* _Task brief_
Although the listing contains pictures, reproduce only its text, exactly as written.
** Dataset section follows **
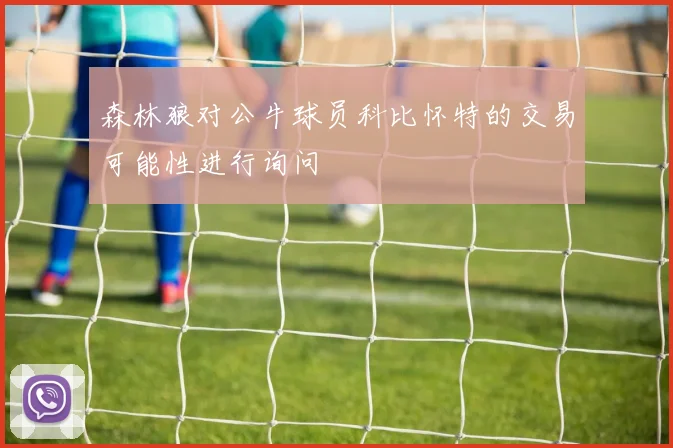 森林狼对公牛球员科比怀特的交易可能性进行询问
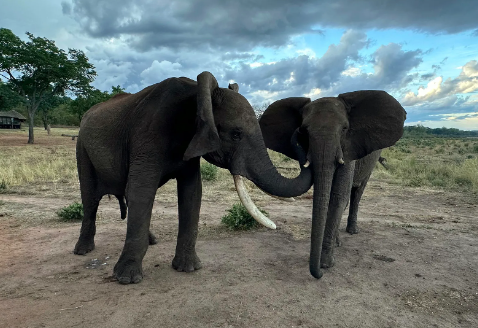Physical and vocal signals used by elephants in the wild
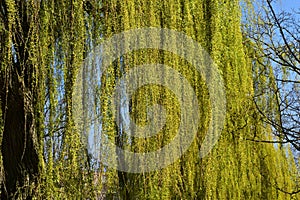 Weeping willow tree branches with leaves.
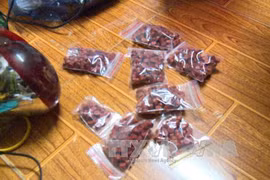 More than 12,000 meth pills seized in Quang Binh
** End of Dataset section **
* _Task result_
 森林狼对公牛球员科比怀特的交易可能性进行询问
Physical and vocal signals used by elephants in the wild
 Weeping willow tree branches with leaves.
 More than 12,000 meth pills seized in Quang Binh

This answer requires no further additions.